Today’s dessert recipe is inspired by one of our favourite bakeries, Milk Bar, helmed by award winning pastry chef Christina Tosi. We frequent the Toronto location attached to Momofuku and have visited the shop inside Cosmopolitan hotel in Las Vegas, where we enjoyed their classic Birthday Cake.
Milk Bar’s best known creation, however, is cereal milk, which is literally meant to taste just like the milk at the bottom of a bowl of cornflakes. It goes well in ice cream, and as we learned this week, is also perfect for panna cotta.
Adapted from Gourmet Traveller.
Servings: 6 | Ready time: 3 hours 30 minutes
- 75 grams cornflakes
- 675 ml heavy cream
- 60 grams light brown sugar
- 1 package (7.2 grams) gelatine powder
- 85 grams cornflakes
- ¼ cup semi-sweet chocolate
Prepare cereal milk
1) Preheat oven to 300 F. Spread cornflakes on an oven tray lined with baking paper, bake until lightly toasted (15 minutes) and cool completely. Set aside portion for the cornflake crunch to be prepared later.
2) Transfer to a large jug, add heavy cream, stir vigorously and then stand at room temperature to infuse (20 minutes). Strain through a fine sieve, pressing on solids to extract all liquid (discard solids).
3) Whisk in brown sugar and ½ teaspoon sea salt, cover and refrigerate until required.
Prepare panna cotta
4) Warm cereal milk in a small saucepan over low heat. Add gelatine to warm cereal milk and stir to dissolve, being careful not to incorporate air.

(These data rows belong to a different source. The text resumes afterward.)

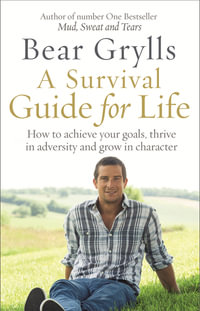 A Survival Guide for Life - Bear Grylls
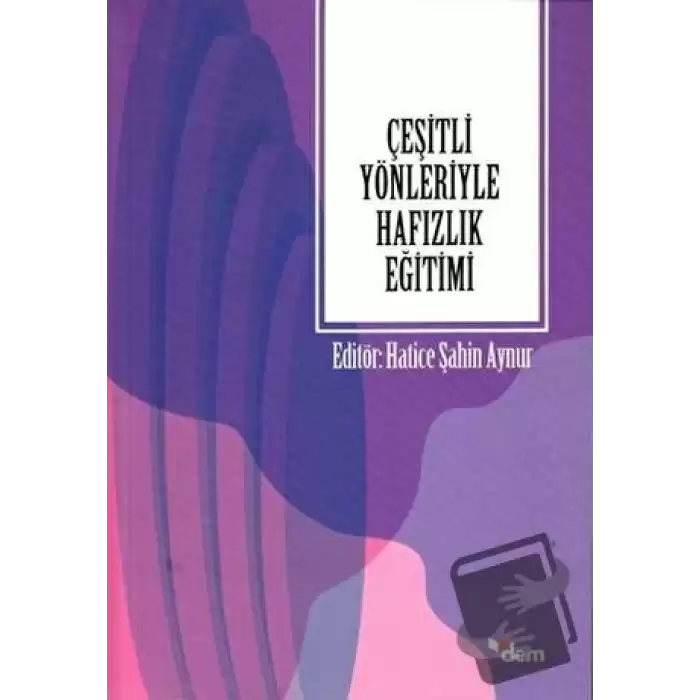 Çeşitli Yönleriyle Hafızlık Eğitimi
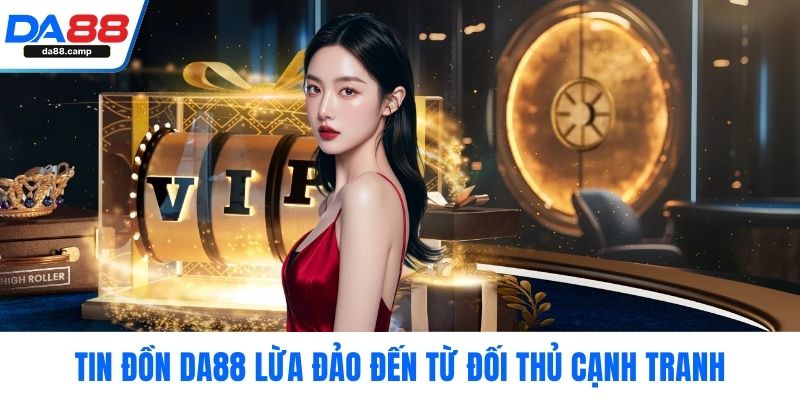 Tin đồn DA88 lừa đảo đến từ đối thủ cạnh tranh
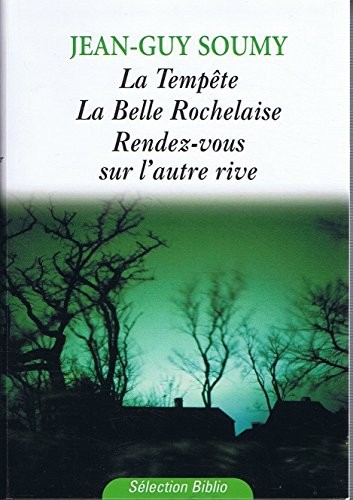 Condensé: La tempête, La belle Rochelaise, Rendez-vous sur l'autre rive
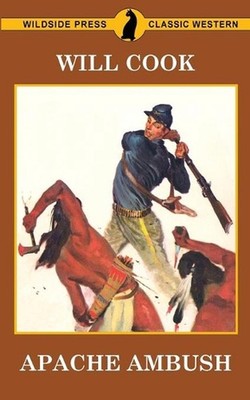 Apache Ambush by Will Cook (English) Paperback Book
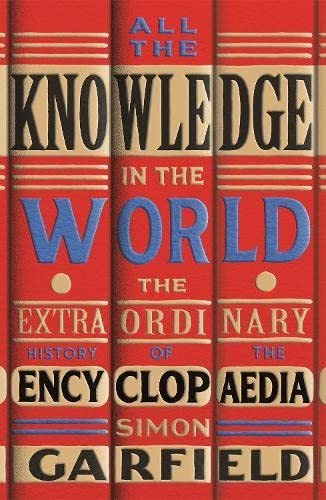 Simon Garfield / All the Knowledge in the World (Hardback)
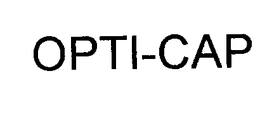 OPTI-CAP trademark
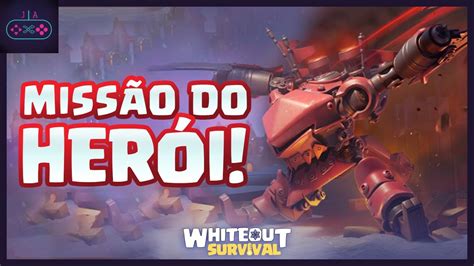 Missão do Herói Novo Evento WhiteOut Survival Dicas Rápidas YouTube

5) Divide among 6 small glasses or ramekins (about 300 ml) and refrigerate until set (3 hours-overnight).
Prepare cornflake crunch
6) In a medium sauce pan, heat 1 inch of water on low-medium heat. Place a large bowl over top, ensuring water is not touching the bowl. Place chocolate inside the bowl and allow to melt. Mix with spatula.
7) Spread toasted cornflakes on a flat surface. Use spatula to drizzle melted chocolate on top.
8) When panna cotta is set, spread cornflake crunch on top. Ready to serve.
👨🍳 Notes from Mr. Chuckles
The panna cottas are best served within about a day after preparation, while they remain moist and soft.
The little marshmallow looking things you see on our version are matcha flavoured meringues. You can find our meringue recipe here.
We used heavy cream for the cereal milk, which produced a denser panna cotta. For a lighter, airy version, stick with the original recipe which calls for cold milk.